Литмир - Электронная Библиотека
Содержание  
A
A

В этом письме нет обращения по имени и подписи тоже нет. Из осторожности оно написано чужой рукой. Фотографию Нины и это единственное письмо от нее мне удалось пронести через все проверки. Я долго искал место, где бы можно было прятать фотографию и письмо, пока мне вдруг не пришло в голову — приклеить к карманному зеркальцу с задней стороны! Фотографию, правда, пришлось немного подрезать с краю, а листок сложить вчетверо, но с помощью кусочка картона и изоляционной ленты все получилось. И уж как там ни будет дальше, а по своей воле я с этим моим сокровищем не расстанусь! Ах, моя Нина, если бы я мог сейчас обнять тебя, если бы мог доказать, что принадлежу тебе, что я твой душой и телом. А я крепко застрял здесь в лагере, в плену, из которого легко не выберешься!

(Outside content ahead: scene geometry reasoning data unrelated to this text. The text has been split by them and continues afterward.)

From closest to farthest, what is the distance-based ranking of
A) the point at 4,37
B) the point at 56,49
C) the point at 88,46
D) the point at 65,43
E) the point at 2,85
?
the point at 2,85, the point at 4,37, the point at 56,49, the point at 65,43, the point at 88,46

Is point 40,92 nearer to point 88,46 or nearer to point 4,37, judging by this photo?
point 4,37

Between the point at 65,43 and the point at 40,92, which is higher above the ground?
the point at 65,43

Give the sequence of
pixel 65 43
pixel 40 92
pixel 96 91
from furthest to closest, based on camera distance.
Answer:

Проходит обещанное шестое марта, но освобождаемые все еще в лагере. Все одеты в новое, и на работу их уже не посылают. И никого к списку не добавили, так и осталось — 250 человек. А заводские бригады пополнили, расформировав команду дорожных рабочих и путевых. Все последние дни я только этим и был занят в конторе — распределял товарищей по цехам и бригадам. Но теперь наконец-то могу отправиться на завод по делам и — увидеть и обнять мою Нину. Я весь в нетерпении.

Поезд прибыл! Охотнее всего я бы сразу помчался на электростанцию в энергодиспетчерскую, но нельзя, надо поостеречься.

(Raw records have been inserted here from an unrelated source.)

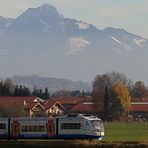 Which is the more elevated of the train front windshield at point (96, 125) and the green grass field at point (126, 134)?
the train front windshield at point (96, 125)

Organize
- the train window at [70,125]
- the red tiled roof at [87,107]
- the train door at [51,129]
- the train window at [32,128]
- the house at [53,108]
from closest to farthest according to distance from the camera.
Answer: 1. the train window at [70,125]
2. the train door at [51,129]
3. the train window at [32,128]
4. the red tiled roof at [87,107]
5. the house at [53,108]

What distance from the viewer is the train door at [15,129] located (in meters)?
56.2

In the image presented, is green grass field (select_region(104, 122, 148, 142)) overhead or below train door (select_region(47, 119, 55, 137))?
below

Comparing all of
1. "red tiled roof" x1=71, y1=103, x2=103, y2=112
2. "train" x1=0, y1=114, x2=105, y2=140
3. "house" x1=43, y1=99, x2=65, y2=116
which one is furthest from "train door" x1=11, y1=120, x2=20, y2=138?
"house" x1=43, y1=99, x2=65, y2=116

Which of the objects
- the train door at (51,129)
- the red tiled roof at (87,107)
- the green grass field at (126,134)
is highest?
the red tiled roof at (87,107)

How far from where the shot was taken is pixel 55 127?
179 ft

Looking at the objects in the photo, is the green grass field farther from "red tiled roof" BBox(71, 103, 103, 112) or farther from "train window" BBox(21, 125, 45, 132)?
"red tiled roof" BBox(71, 103, 103, 112)

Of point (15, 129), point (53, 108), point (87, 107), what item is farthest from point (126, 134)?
point (87, 107)

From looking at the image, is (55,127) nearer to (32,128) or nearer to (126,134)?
(32,128)

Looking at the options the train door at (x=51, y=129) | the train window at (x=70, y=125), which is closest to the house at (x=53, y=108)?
the train door at (x=51, y=129)

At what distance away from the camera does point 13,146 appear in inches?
1937

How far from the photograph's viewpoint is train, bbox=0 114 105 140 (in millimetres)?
53188

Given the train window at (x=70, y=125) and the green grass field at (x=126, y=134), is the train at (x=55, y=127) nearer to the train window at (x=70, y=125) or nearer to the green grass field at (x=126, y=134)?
the train window at (x=70, y=125)

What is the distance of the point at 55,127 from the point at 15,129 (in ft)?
13.8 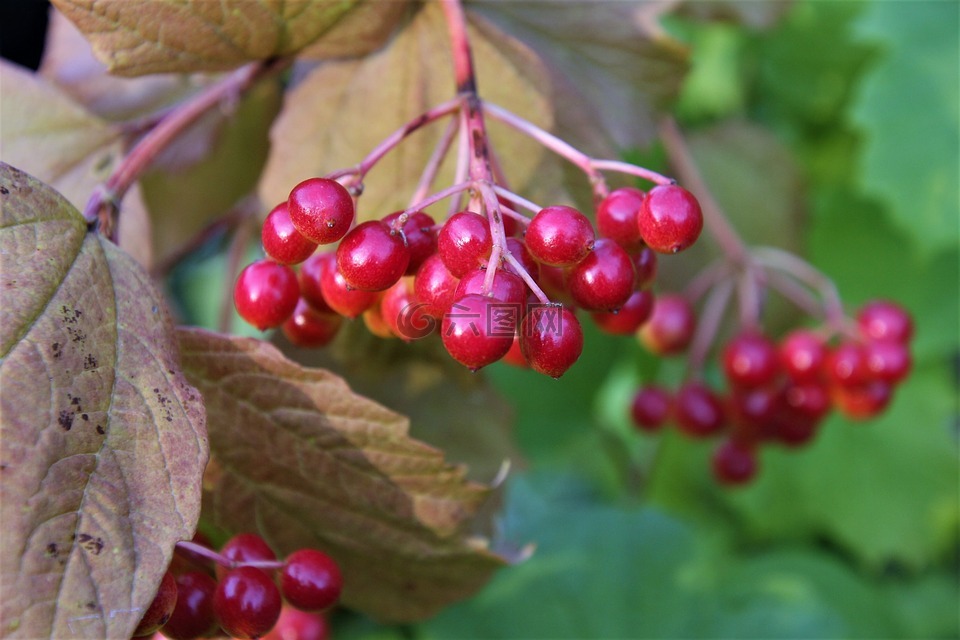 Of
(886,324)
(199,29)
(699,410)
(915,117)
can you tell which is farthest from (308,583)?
(915,117)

Наконец пришел туда, подал условный знак камешком, а дверь не открывается. Я подождал немного, еще пошумел — никакого результата. Войти туда как ни в чем не бывало? Нет, нельзя, увидев друг друга, мы можем забыть про осторожность, а если там посторонние? И я пошел в механический цех, в кузницу, надеясь застать там Людмилу; может быть, она знает, где мне искать Нину. Людмилы на месте нет, спросить некого. Остается медпункт, Александра. И ведь зайти туда можно, не вызывая подозрений.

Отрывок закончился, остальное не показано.